Le lac Saint-Charles est la source d'eau potable de plus de 250 000 Québécois, selon Caroline Brodeur, directrice générale de l'Organisme des bassins versants de la Capitale.

Lac Saint-Charles: il faut s'attaquer aux sources du mal, disent les riverains

«On n'est pas surpris pantoute! Ça fait sept ans qu'on dit à la Ville qu'il y a des problèmes.
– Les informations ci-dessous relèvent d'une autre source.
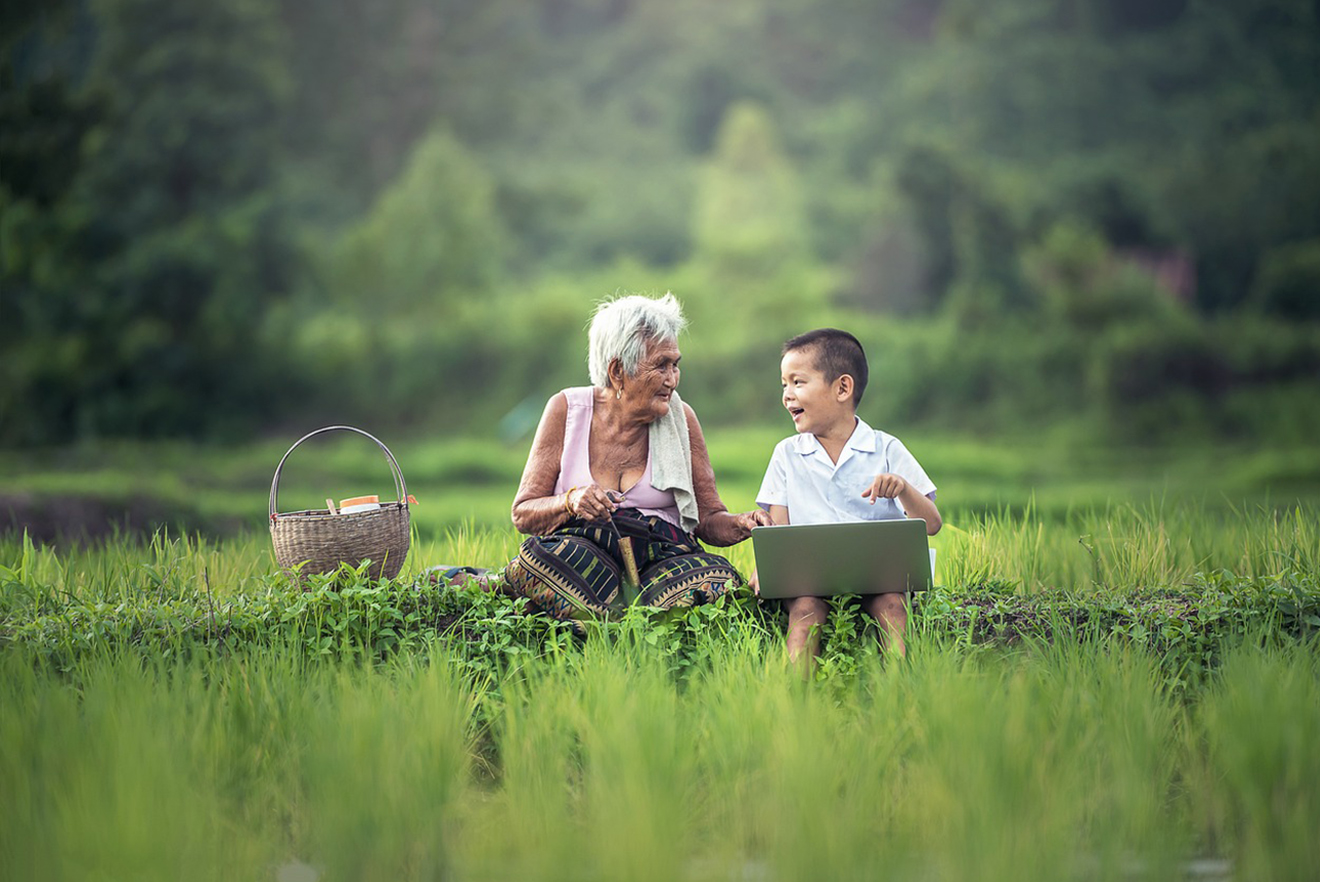 Elderly woman with a young boy interact with a computer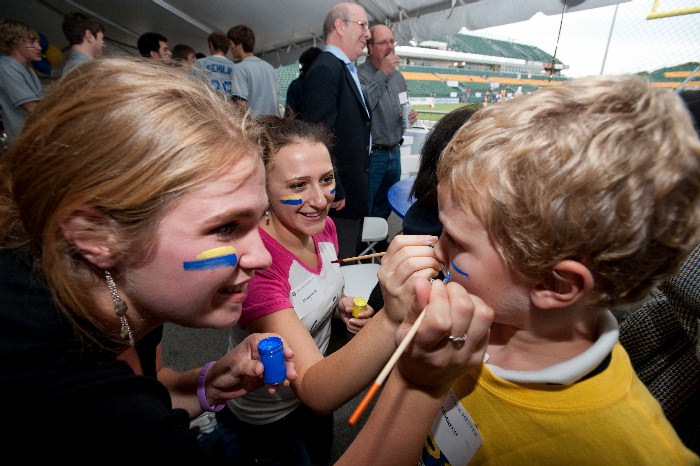 student painting a child's face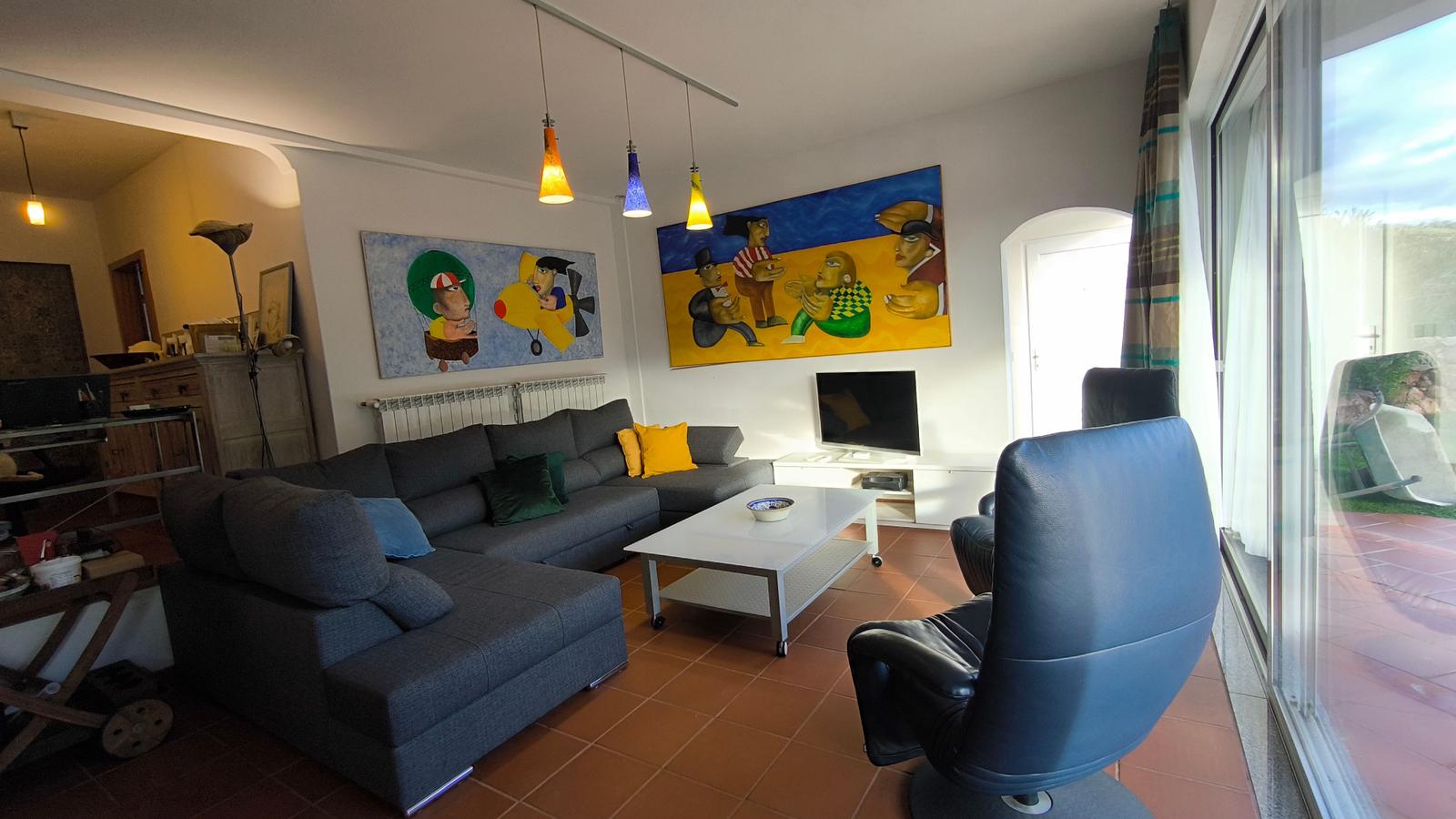 Wohnzimmer mit Sofa, Couchtisch und großen Fenstern. Wandbilder und Hängelampen sichtbar.
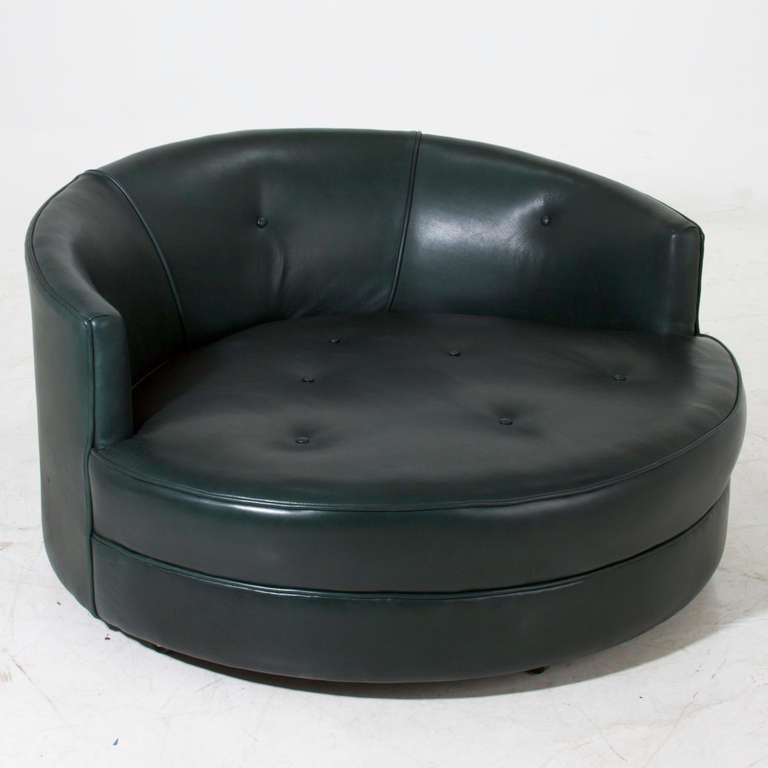 Large round swivel chair upholstered in a high quality green leather with tufted seat cushion and Walnut base. This chair is large enough to comfortably seat two people. Designed by Milo Buaghman for Thayer Coggin.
Le lac Saint-Charles, ce n'est pas d'hier qu'il y a un problème.»
Peter Marcoux, porte-parole de l'Association des riverains du lac Saint-Charles, est «content» que Régis Labeaume s'inquiète de la santé de cette réserve naturelle. Il est cependant bien découragé par le nouvel épisode de la saga politique qui se joue dans la région, tandis que la source d'eau potable où s'abreuvent quelque 250 000 habitants de la capitale souffre.
Mardi, Régis Labeaume dénonçait la dégradation de la qualité de l'eau. Ce, malgré un plan d'action régional adopté en 2011 afin de renverser la vapeur. «Il n'est pas impossible que dans les prochains mois, avec nos collègues, nous prenions des mesures draconiennes pour s'assurer qu'à l'avenir, le lac cesse de se détériorer. [...] J'ai bien l'intention d'être assez drastique parce que je ne veux prendre aucune chance.»
Malheureusement, le maire a lancé le pavé dans le lac, mais refuse de diffuser l'étude qui l'inquiète tant. Son attaché de presse n'a pas répondu, mercredi. Au Service des communications de la Ville, un des porte-parole assure néanmoins que les informations sont «préoccupantes». Jacques Perron ajoute par contre qu'il «n'est pas question de les rendre publiques».
«Il n'est pas nécessaire d'entreprendre des actions drastiques la semaine prochaine, à court terme», tempère-t-il. Une flopée de nouvelles études devront être réalisées afin d'évaluer les impacts économiques, environnementaux et sociaux de toutes mesures restrictives qui pourraient être imposées aux municipalités du nord de la capitale afin de requinquer le lac.
Il est grand temps qu'on s'attaque directement aux sources du mal, déplore Peter Marcoux, de l'Association des riverains. Le développement résidentiel se poursuit autour des rivières qui se déversent dans le lac Saint-Charles. Aussi, les rejets d'eaux usées de plusieurs municipalités du nord, dont Stoneham-et-Tewkesbury et Lac-Delage, ne seraient pas «aux normes». Les politiques devraient régler ces dossiers épineux qui promettent des dépenses d'infrastructures de millions de dollars au lieu de se concentrer sur le reboisement des terrains bordant le lac, pense-t-il.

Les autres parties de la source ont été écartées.